China’s state-run newspaper backs ‘non-peaceful’ steps against Vietnam
Global Times says a 'forced war' would convince some countries of 'China's peaceful intentions' as PLA General Fang Fenghui points finger of blame for Vietnam unrest at US strategic 'pivot' to Asia
The state-run Global Times newspaper backed the use of “non-peaceful” measures against Vietnam and the Philippines on Friday, as it considered the possibility of war over territorial disputes in the strategically vital South China Sea.
“The South China Sea disputes should be settled in a peaceful manner, but that doesn’t mean China can’t resort to non-peaceful measures in the face of provocation from Vietnam and the Philippines,” the newspaper, which often takes a nationalistic tone, wrote in an editorial.
“Many people believe that a forced war would convince some countries of China’s sincerely peaceful intentions,” the paper added.
Earlier on Thursday a top Chinese general defended the deployment of an oil rig that has inflamed tensions in the disputed South China Sea and triggered the deadly protests in Vietnam, blaming Hanoi and saying China cannot afford to “lose an inch” of territory.
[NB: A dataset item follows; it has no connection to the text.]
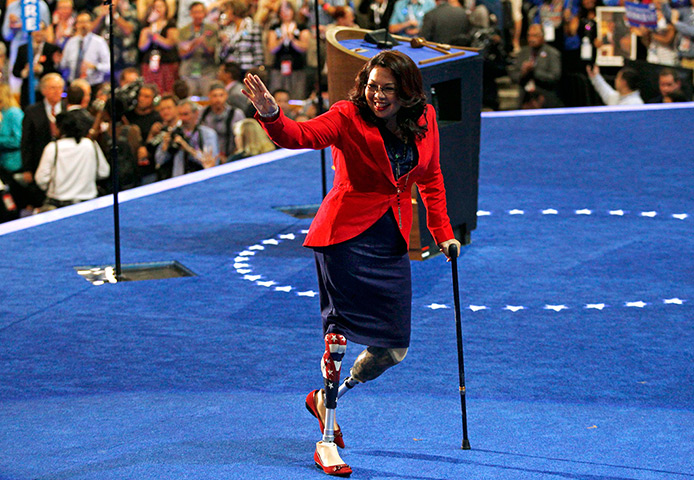 DNC session 1: US congressional candidate Tammy Duckworth walkks off stage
Watch: Top Chinese general in US amid oil rig dispute with Vietnam
Speaking in Washington General Fang Fenghui also pointed blame at US President Barack Obama’s strategic “pivot” to Asia as Vietnam and China grapple with one of the worst breakdowns in relations since the neighbours fought a brief border war in 1979.
In Beiing, China's Foreign Minister Wang Yi called Vietnam's Deputy Prime Minister and Minister of Foreign Affairs Pham Binh Minh on Thursday night saying “Vietnam bears unshirkable responsibility for the violent attacks against Chinese companies and nationals”, Xinhua reports said.
China also sent a working group, led by Assistant Foreign Minister Liu Jianchao, to Vietnam on Thursday to deal with the aftermath of the riots, Xinhua said.
Wang demanded Vietnam take resolute and effective measures immediately to stop violence and ensure the safety of the lives and property of Chinese nationals and companies there.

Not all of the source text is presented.